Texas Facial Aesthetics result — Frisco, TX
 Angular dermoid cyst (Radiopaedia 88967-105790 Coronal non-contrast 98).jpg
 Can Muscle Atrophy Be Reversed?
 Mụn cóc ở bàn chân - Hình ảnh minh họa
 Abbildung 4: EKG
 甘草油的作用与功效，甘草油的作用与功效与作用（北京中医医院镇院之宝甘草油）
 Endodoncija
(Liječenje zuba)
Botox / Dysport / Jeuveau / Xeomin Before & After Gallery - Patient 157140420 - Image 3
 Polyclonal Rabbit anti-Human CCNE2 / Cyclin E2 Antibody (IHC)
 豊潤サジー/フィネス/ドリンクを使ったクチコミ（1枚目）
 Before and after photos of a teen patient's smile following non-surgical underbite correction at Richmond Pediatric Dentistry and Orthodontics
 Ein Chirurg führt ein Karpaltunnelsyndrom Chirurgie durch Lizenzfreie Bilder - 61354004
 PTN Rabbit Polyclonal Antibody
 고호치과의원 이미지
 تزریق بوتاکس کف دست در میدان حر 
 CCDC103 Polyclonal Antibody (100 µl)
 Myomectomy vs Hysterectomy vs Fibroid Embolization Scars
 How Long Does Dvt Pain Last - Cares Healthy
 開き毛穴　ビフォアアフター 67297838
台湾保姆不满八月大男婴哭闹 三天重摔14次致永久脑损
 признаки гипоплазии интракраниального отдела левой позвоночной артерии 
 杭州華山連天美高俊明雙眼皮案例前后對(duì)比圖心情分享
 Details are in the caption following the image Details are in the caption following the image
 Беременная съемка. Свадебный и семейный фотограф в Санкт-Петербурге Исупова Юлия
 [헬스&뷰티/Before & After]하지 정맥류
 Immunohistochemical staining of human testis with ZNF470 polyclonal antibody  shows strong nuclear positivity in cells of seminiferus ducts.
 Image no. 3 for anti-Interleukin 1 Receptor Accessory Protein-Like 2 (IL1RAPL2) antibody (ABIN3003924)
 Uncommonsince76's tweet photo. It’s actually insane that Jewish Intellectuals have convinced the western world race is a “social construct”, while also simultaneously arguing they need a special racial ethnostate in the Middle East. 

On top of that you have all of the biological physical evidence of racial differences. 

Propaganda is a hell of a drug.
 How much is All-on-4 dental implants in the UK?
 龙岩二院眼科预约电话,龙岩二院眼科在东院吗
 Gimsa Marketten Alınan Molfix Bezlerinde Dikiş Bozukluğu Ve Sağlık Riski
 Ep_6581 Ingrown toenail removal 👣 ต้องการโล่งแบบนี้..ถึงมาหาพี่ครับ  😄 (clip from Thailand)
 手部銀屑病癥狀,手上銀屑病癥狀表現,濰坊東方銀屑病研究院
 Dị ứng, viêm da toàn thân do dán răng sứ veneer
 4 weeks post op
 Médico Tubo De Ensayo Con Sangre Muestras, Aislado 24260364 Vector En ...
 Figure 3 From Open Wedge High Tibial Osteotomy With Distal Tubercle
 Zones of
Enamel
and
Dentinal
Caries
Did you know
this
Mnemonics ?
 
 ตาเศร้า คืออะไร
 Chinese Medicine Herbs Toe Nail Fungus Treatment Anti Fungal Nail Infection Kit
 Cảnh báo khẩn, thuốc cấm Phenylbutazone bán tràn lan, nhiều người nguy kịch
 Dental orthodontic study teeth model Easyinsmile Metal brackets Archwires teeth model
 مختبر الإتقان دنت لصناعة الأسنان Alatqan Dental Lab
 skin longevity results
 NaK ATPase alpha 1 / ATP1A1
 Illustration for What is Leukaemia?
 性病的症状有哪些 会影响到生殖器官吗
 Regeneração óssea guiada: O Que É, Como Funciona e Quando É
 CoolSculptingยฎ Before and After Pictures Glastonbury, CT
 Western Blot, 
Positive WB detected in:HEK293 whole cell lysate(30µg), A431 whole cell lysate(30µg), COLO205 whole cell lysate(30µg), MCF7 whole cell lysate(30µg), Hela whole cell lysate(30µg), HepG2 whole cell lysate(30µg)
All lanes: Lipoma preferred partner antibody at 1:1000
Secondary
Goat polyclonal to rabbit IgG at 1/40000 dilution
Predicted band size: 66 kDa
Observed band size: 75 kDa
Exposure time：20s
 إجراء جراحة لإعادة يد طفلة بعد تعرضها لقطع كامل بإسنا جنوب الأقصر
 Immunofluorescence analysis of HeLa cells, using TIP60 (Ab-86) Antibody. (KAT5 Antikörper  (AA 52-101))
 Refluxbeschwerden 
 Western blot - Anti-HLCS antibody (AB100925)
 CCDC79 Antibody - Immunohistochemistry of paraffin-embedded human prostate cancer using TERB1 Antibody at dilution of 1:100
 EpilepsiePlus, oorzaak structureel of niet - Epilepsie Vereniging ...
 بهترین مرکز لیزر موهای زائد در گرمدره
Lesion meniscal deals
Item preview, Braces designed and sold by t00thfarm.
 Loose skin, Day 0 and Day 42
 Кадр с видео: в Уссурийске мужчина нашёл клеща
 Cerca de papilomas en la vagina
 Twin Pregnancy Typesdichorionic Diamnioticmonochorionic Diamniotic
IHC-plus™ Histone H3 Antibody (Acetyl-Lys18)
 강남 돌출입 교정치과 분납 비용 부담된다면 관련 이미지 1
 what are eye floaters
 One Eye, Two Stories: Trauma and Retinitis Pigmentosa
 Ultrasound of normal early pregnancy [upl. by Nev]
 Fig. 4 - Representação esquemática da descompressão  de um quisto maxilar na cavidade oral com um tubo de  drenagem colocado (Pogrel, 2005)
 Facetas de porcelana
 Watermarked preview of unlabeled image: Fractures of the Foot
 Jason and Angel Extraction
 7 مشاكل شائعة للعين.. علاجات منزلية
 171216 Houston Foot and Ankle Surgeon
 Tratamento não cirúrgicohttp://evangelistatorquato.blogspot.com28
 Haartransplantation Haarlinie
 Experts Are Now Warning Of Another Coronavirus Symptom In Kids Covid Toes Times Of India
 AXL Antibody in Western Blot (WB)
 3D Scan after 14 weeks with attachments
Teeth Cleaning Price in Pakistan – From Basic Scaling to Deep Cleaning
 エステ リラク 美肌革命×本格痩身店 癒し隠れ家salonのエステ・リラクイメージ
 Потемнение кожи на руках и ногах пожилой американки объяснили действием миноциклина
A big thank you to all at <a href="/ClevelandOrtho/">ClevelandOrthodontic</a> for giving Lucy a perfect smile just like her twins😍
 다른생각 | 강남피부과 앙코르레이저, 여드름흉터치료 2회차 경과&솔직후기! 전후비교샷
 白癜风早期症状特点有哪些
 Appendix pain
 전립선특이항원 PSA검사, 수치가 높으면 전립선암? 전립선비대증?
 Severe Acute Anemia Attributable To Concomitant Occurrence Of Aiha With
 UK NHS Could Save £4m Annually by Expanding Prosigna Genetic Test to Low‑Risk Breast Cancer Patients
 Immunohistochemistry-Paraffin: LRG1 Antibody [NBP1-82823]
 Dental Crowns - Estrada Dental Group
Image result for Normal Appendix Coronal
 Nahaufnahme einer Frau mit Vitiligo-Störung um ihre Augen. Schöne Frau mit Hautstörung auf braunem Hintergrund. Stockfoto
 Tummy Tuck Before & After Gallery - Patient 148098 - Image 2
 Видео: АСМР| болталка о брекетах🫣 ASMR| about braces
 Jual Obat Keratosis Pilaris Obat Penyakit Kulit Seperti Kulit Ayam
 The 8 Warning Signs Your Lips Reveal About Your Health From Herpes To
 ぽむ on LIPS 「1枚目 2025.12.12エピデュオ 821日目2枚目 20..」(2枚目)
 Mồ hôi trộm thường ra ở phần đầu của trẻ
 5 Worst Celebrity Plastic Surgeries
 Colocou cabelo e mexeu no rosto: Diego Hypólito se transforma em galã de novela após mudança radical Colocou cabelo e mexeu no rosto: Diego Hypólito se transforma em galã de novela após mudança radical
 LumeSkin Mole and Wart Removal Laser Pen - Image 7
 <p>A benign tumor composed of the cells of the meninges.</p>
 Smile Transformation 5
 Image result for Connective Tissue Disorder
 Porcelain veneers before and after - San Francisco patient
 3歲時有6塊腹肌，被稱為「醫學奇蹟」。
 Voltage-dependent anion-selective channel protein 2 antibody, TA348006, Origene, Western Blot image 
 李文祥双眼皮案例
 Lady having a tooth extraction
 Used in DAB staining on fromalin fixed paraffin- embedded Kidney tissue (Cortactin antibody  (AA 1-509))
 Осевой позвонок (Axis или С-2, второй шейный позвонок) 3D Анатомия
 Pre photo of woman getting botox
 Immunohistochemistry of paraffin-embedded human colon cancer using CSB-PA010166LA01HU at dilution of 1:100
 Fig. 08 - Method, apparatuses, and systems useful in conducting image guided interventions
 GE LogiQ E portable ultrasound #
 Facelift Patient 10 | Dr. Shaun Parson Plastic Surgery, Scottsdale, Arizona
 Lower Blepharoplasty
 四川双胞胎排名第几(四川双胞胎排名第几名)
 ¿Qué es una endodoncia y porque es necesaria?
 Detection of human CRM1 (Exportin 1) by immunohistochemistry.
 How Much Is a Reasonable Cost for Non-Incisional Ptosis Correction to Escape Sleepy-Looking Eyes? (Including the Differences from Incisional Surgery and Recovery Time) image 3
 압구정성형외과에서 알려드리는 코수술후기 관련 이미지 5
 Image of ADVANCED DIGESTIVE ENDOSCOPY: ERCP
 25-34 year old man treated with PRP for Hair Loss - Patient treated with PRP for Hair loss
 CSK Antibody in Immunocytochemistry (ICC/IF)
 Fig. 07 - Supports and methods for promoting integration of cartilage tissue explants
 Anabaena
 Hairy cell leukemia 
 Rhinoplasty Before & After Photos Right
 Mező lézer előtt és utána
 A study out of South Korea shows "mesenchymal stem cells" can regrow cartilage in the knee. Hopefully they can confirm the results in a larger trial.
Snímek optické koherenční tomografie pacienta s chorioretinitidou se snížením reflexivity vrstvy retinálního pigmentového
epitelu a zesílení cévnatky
++++++++
WHAT THE EXERCISE ASKS: What you return must be an exact retyping of the lines above starting at the line with "Refluxbeschwerden" and ending at the line with "One Eye, Two", and nothing besides.

SOLUTION:
 Refluxbeschwerden 
 Western blot - Anti-HLCS antibody (AB100925)
 CCDC79 Antibody - Immunohistochemistry of paraffin-embedded human prostate cancer using TERB1 Antibody at dilution of 1:100
 EpilepsiePlus, oorzaak structureel of niet - Epilepsie Vereniging ...
 بهترین مرکز لیزر موهای زائد در گرمدره
Lesion meniscal deals
Item preview, Braces designed and sold by t00thfarm.
 Loose skin, Day 0 and Day 42
 Кадр с видео: в Уссурийске мужчина нашёл клеща
 Cerca de papilomas en la vagina
 Twin Pregnancy Typesdichorionic Diamnioticmonochorionic Diamniotic
IHC-plus™ Histone H3 Antibody (Acetyl-Lys18)
 강남 돌출입 교정치과 분납 비용 부담된다면 관련 이미지 1
 what are eye floaters
 One Eye, Two Stories: Trauma and Retinitis Pigmentosa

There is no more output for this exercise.